Customer Development and Business Model Generation
One methodology espoused by many entrepreneurs today, which is very much in line with the idea of listening to the market and identifying demand before creating supply, is adherence to the model of customer development. Customer development, a term coined by author and retired serial entrepreneur Steve Blank, is seen as the cure for the ailment that he believes most startups die from: they build a product that nobody wants to buy. He’s written a full book on the topic, called The Four Steps to the Epiphany, so if you want to learn about customer development in real depth you should read it, but for now I’ll give you a brief run-down.
1) The product development model is broken
The emphasis in this model is on the first ship. Marketing and sales money is spent early on, and the product is perfected and branded before it’s released. This opens up the possibility of a huge problem: if customers aren’t into the product, by the time it’s shipped, it’s too late. Money is burned, and future iterations of the product are costly.

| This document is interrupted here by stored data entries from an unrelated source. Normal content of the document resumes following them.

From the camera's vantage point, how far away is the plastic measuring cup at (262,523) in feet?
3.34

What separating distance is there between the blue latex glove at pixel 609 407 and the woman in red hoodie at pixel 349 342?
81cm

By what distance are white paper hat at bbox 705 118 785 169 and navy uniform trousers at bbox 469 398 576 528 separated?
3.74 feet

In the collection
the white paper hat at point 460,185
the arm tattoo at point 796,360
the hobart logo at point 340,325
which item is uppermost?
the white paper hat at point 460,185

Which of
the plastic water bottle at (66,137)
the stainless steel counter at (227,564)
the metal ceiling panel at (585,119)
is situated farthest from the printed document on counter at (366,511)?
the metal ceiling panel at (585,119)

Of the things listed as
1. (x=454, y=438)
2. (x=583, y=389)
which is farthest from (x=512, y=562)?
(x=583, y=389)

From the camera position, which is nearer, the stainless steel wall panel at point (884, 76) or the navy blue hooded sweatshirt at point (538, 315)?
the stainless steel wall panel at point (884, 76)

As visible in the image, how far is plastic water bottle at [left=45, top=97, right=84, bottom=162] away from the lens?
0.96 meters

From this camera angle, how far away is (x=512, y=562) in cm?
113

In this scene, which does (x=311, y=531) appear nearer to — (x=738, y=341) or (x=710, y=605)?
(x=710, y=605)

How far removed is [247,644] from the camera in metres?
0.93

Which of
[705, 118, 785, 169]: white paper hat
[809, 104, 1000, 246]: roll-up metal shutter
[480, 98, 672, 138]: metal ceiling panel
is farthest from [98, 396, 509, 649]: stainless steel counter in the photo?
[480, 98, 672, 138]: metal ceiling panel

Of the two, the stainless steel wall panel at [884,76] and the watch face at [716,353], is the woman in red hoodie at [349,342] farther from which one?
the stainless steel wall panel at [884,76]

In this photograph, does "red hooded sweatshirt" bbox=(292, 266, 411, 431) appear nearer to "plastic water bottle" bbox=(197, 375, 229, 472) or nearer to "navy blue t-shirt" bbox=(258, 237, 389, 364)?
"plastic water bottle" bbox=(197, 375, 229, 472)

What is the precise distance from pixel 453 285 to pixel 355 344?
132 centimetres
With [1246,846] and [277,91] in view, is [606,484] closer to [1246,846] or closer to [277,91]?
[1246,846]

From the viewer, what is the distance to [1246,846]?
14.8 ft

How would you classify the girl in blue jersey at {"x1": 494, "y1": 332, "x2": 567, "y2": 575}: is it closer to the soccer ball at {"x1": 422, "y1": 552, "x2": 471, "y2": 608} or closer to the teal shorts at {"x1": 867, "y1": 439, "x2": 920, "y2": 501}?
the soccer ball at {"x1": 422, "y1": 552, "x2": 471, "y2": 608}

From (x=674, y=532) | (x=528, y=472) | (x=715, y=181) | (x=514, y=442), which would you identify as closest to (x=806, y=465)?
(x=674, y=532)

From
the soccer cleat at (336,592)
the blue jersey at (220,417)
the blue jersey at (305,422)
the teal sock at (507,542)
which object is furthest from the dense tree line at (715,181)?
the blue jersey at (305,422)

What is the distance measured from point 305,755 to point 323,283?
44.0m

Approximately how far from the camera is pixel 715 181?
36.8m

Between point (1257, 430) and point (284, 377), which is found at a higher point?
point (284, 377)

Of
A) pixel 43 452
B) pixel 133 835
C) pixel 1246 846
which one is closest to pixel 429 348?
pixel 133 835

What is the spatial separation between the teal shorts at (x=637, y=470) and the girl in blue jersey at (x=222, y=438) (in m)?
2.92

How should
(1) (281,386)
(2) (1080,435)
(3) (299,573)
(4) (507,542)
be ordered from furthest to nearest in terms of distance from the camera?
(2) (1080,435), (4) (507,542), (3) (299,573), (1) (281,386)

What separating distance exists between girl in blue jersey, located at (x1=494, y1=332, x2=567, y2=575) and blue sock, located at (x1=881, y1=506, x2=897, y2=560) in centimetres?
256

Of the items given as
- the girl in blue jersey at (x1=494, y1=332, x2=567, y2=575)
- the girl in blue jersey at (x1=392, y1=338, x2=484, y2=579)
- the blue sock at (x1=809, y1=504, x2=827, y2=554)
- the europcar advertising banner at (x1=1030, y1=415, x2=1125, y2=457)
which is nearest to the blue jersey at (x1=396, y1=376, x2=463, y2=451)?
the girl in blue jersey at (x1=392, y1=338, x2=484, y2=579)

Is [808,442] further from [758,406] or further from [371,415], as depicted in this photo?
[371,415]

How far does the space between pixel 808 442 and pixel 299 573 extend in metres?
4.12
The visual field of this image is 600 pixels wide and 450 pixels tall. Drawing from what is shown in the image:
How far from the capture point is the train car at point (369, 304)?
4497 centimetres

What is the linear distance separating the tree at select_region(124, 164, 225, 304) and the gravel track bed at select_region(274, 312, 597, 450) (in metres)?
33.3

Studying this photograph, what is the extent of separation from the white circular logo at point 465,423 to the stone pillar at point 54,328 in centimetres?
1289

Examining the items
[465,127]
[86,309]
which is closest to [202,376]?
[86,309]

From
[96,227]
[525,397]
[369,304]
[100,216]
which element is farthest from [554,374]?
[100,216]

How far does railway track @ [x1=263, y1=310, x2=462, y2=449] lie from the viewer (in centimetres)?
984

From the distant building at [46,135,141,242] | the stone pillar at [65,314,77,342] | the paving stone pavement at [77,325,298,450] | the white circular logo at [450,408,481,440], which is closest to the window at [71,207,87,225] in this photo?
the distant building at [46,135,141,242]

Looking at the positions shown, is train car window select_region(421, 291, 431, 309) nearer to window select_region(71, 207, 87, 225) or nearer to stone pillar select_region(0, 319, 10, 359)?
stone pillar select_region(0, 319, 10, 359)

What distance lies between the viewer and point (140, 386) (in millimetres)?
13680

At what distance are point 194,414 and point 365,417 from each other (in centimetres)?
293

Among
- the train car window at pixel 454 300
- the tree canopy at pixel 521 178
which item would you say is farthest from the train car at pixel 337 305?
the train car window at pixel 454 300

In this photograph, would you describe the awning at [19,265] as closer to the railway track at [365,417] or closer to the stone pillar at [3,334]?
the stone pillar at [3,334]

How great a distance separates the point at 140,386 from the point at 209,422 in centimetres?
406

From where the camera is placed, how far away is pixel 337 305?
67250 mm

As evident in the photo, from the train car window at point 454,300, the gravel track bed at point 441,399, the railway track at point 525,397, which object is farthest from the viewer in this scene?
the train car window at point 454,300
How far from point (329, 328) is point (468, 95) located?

2) Customer development is the solution
Instead of focusing on product development as the main driving force of the startup, focus on building a customer base. Using these four steps (customer discovery, customer validation, customer creation, and finally company building), company is able to iterate quickly and cheaply, adapt to proven demand from potential customers, offset sales and marketing costs until later in the game, and, perhaps most importantly, if the startup is going to fail, it will fail quickly.
This past summer, I had the opportunity to sit in on a talk that was co-led by Steve Blank and Alexander Osterwalder. Alexander offers a complementary methodology to Steve’s customer development: Business Model Generation. Again, there is a full book on the topic, but the key takeaway is the chart seen again and again throughout the book, which helps entrepreneurs break down their business model piece by piece. You can see how answering the questions implicit in this chart would be made immensely easier using Steve Blank’s approach of customer development; without listening to the market, the information in this chart would be little more than guesswork:
Take special note of the fields “Value Proposition”, “Customer Segments”, “Revenue Streams”, and “Customer Relationships”. It’s hard to imagine how these could be completed accurately without a very deep understanding of the potential customer base, their needs, and, most importantly, their willingness to pay for your product. If the answers don’t lead to encouraging revenue projections, perhaps it’s time to try building a different product.

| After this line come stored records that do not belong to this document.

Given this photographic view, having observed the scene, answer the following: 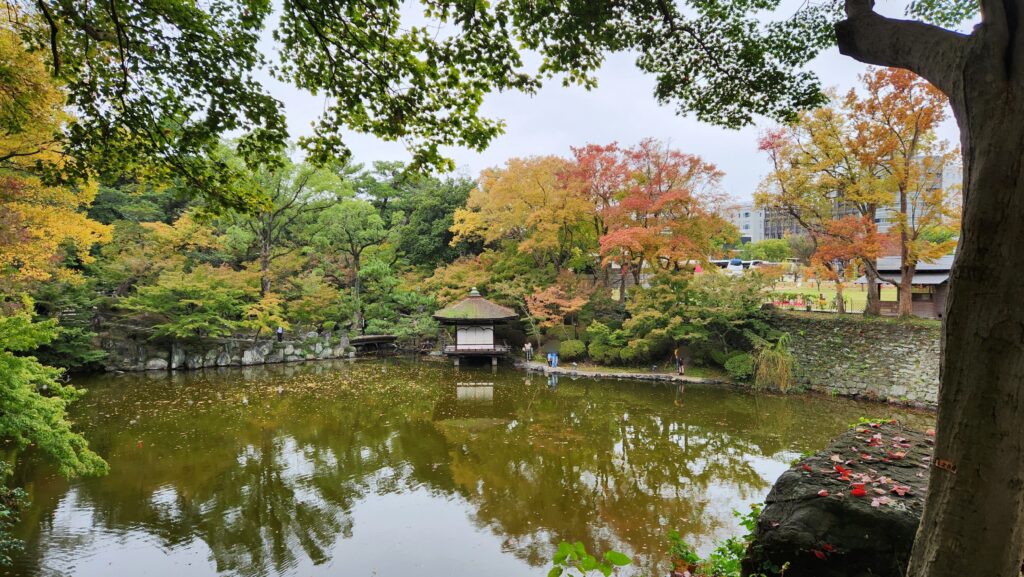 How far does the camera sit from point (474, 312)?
1552 cm

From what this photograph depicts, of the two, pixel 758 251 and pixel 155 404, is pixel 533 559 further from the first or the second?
pixel 758 251

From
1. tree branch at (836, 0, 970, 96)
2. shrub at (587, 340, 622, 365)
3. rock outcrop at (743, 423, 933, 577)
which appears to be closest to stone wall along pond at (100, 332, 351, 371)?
shrub at (587, 340, 622, 365)

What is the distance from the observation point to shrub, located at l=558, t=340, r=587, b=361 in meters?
14.7

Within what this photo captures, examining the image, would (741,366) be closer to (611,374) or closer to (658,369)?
(658,369)

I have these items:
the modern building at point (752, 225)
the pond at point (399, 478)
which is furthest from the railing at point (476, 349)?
the modern building at point (752, 225)

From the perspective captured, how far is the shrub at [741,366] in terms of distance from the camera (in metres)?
12.1

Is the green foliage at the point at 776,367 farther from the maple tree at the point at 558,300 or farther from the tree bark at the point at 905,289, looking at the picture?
the maple tree at the point at 558,300

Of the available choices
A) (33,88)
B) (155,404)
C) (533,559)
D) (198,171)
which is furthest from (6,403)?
(155,404)

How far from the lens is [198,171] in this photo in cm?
338

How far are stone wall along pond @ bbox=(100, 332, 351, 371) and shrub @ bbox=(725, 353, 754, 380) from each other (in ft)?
43.0

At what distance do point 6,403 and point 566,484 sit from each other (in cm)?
554

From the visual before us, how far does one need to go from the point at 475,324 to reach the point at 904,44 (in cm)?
1454

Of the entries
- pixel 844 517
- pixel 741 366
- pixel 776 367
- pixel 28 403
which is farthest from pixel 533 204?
pixel 844 517

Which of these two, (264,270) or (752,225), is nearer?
(264,270) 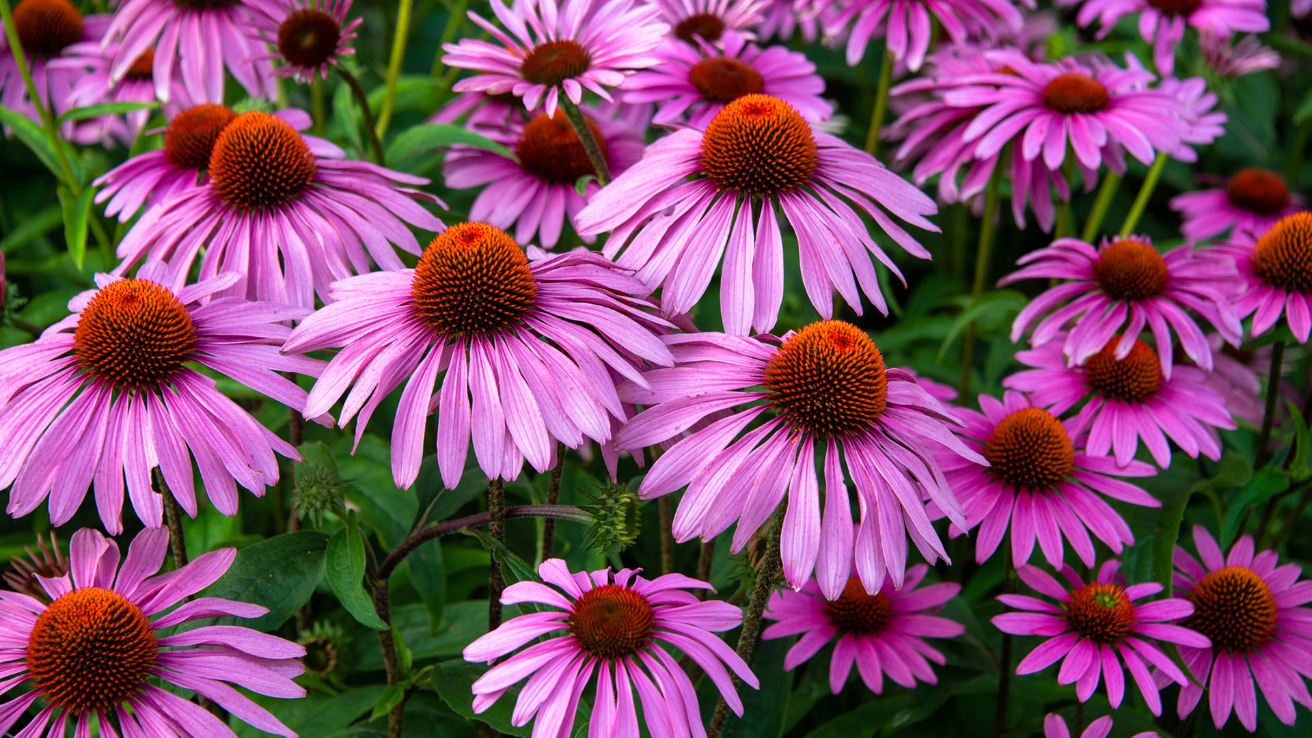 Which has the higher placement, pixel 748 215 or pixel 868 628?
pixel 748 215

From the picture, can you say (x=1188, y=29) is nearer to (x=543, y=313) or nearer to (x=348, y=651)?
(x=543, y=313)

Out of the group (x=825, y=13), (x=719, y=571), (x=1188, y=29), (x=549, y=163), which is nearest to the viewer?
(x=719, y=571)

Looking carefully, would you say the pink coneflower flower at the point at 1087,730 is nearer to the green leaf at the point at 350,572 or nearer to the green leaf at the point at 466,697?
the green leaf at the point at 466,697

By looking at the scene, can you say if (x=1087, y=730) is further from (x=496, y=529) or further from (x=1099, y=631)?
(x=496, y=529)

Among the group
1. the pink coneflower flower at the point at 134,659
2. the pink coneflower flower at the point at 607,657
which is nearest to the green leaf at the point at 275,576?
the pink coneflower flower at the point at 134,659

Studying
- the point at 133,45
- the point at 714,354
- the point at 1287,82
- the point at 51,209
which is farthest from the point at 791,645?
the point at 1287,82

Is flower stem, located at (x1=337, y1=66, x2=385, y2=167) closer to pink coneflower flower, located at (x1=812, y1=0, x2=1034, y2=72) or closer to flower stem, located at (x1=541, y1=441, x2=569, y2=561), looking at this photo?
flower stem, located at (x1=541, y1=441, x2=569, y2=561)

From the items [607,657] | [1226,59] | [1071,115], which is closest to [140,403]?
[607,657] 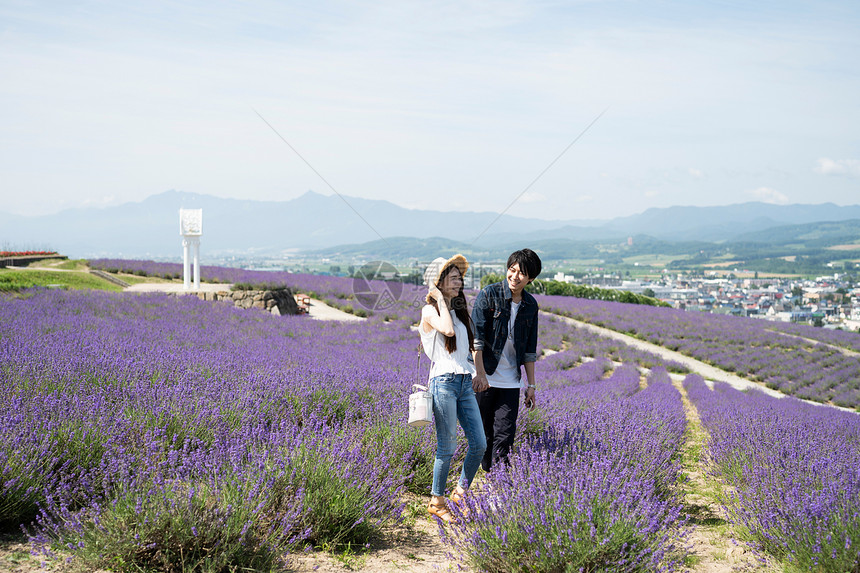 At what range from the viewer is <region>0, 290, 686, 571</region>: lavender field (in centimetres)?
242

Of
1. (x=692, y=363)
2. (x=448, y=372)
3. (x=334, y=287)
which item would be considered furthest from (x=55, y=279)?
(x=692, y=363)

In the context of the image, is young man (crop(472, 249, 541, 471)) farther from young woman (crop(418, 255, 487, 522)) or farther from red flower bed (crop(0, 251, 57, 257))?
red flower bed (crop(0, 251, 57, 257))

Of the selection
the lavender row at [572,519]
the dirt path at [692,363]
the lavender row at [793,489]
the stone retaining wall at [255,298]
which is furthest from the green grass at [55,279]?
the dirt path at [692,363]

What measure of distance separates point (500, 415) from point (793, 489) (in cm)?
161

At the end of the day, without customers, there is no business. No matter how much venture capital you can raise, no matter how smart your team is, no matter how brilliant your product’s design, the startup will fail without customers willing to pay money for its product. That’s why it’s best to test the waters early on, by listening to customers and finding proven demand for a product or service. Maybe this could be done through surveys and focus groups, or showing wireframes sketched in a notebook to random people in a cafe; maybe it could be done through 404market. But one thing is certain: the customer is always right.